Przypomniałeś mi o Bunschu
. Całkiem dobrze bawiłem się, czytając to jako dzieciak. Przy okazji można było nauczyć się nieco historii.
Większość tutejszych komentarzy jest niekulturalna, ale ten mój miałeś odebrać jako śmieszny. Sam bym ja brał gdybym był ze 30 lat młodszy
W netflixie nie ma nic ciekawego zresztą prawie wszystkie seriale mnie nudzą, bo po kilku odcinkach obniżają poziom, kończą się pomysły itp. Może jedynie Peaky Blinders się odróżniał. Co do Lalki to przeczytałem kilka razy i zabrałem od rodziców z półki. To przede wszystkim dzieło jednotomowe choć dość grube ale bez dłużyzn. Czytałem też Kroniki Prusa, które też drukował w odcinkach w Kurierze Warszawskim, być może to uchroniło go od zrobienia z Lalki trylogii
Niepokonana pisze: ↑22 lip 2022, o 00:28
Żałuję, że nikt mnie nie uprzedził o tym, że politechnika jest głupia i żeby tam w ogóle nie studiować, bo profesorowie są okropni.
Wszędzie jest podobnie, ja sam skreśliłem się z PW z powodu braku postępów, jedynie z geometrii wykreślnej byłem orłem. Generalnie po prostu niemiłosiernie się męczyłem choć nikt nie zamierzał mnie wyrzucać. Niektórzy koledzy będąc już na 4 roku mieli warunek z roku pierwszego!

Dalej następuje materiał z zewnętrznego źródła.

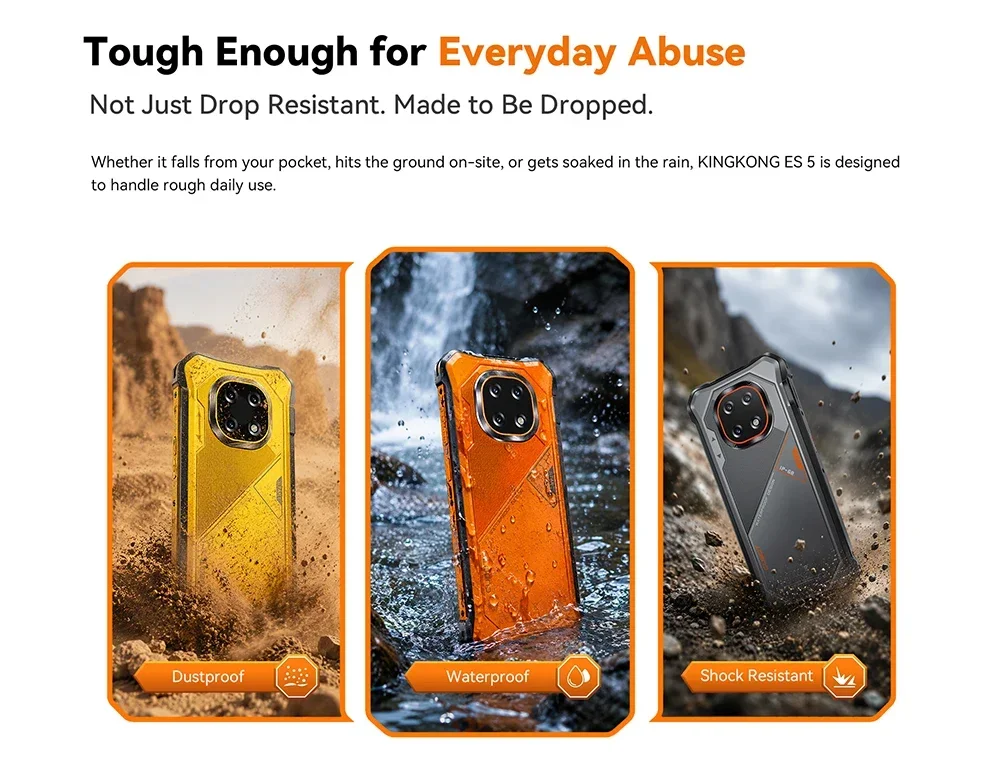 2026 Cubot KingKong ES 5 6.88 Inch 4G Rugged Smartphone Android 16 120Hz IP69K Screen Up To 24GB RAM 256GB ROM 7000mAh Phone NFC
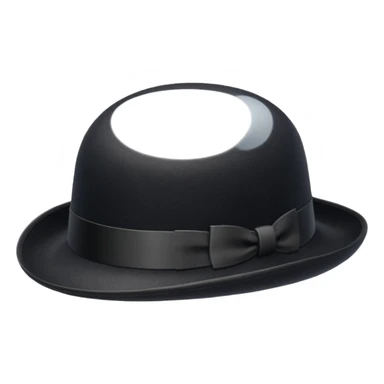 simple black bowler hat only sticker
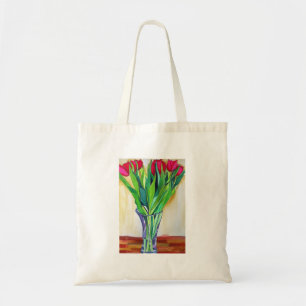 Rosa und rote Tulpen Aquarellkunst Tragetasche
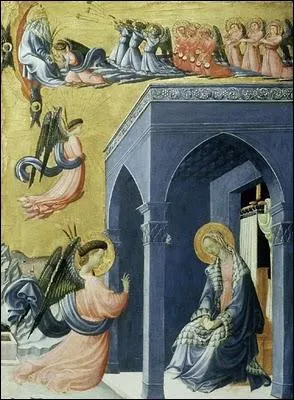 Cette Annonciation a t ralise par un peintre florentin de la premire Renaissance, l'un des initiateurs de la perspective, lve de Ghiberti, ami de Donatello. (St Georges terrassant le dragon)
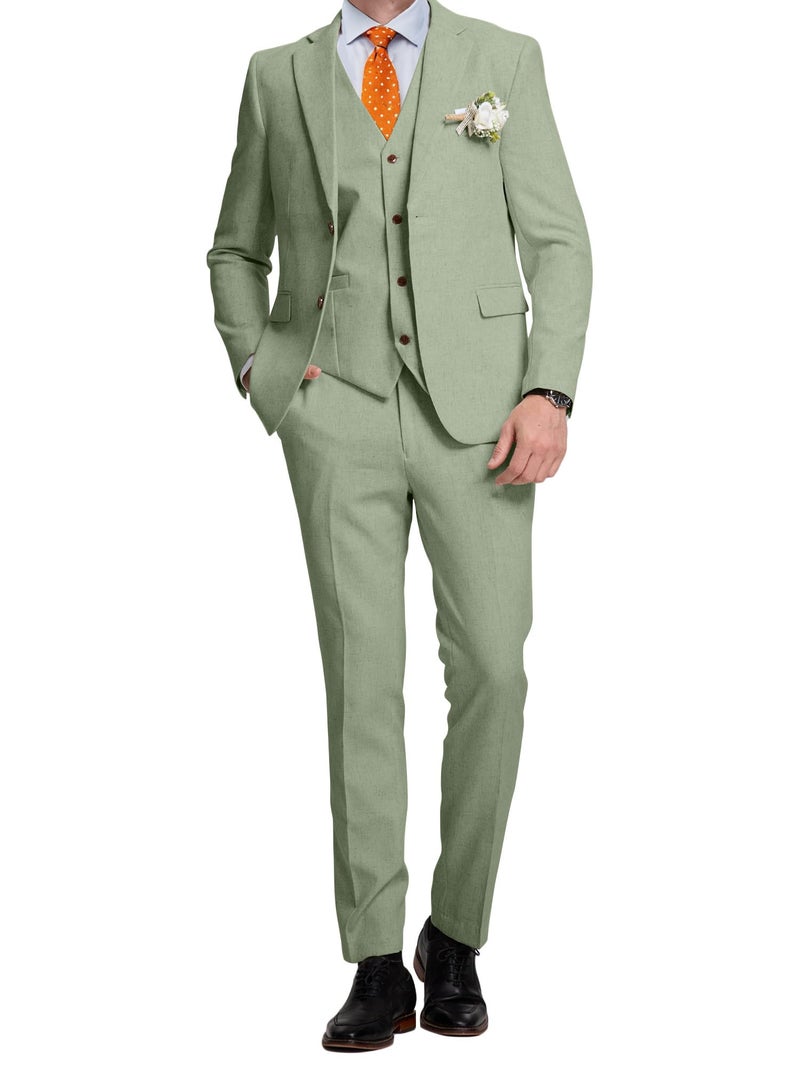 Diaryan بدلات لينين للرجال 3 قطع بتصميم كلاسيكي بدلة توكسيدو باللون الأخضر المريمي لحفلات الزفاف خفيفة الوزن بدلة رسمية مع سترة وبنطلون M - Image 5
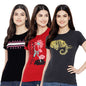 Preneum Womens Cotton Regular Fit Latest Graphic Stylish Printed Short Sleeves Casual T-Shirt || Latest Trending Style (Pack 3)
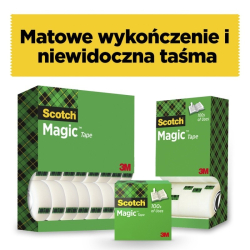 Taśma biurowa SCOTCH Magic 9-1933R8 matowa 19mm x 33m op.7szt. + 1 rolka GRATIS-245019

Niepokonana pisze: ↑26 lip 2022, o 03:07
Nieeee, Slup jest zajęty i za stary dla mnie. Tak, wiem, dyskryminacja starszych. Starszych można dyskryminować, bo głosują na pis i każdy szanujący się lewak to wie. No bo chodzi o to, żeby mnie wzięli do jakiejś normalnej uczelni. Ja chcę zostać naukowcem i pytanie czy jakiś profesor zrobi ze mnie naukowca?
Nie wszyscy "starzy", którzy są młodzi duchem głosują na pisiorów. Żadna uczelnia Cię "nie weźmie" musisz jak to się teraz nazywa "aplikować"
ale też żaden profesor nie zrobi z Ciebie naukowca jeśli się do tego nie nadajesz. Zresztą po co Ci ta matma i polibuda? Mój młodszy kuzyn od razu wybrał łatwiejszy kierunek - politologię, po tym można nawet zrobić "karierę" wśród partii rządzącej. Inna, dużo młodsza kuzyneczka od razu po słabo zdanej maturze wyjechała studiować do Danii kierunek związany z science i komputerami! Utrzymuje się samodzielnie pracując w weekendy. Pomyśl, ja bym się nie zastanawiał. Sam się dziwię, że to teraz piszę, bo w zeszłym wieku nigdy bym się nie zdecydował na emigrację ale od dłuższego czasu atmosfera w tym kraju miodem i mlekiem płynącym, krainą obfitości węgla i miedzi i dóbr wszelakich stała sie duszna nie do wytrzymania.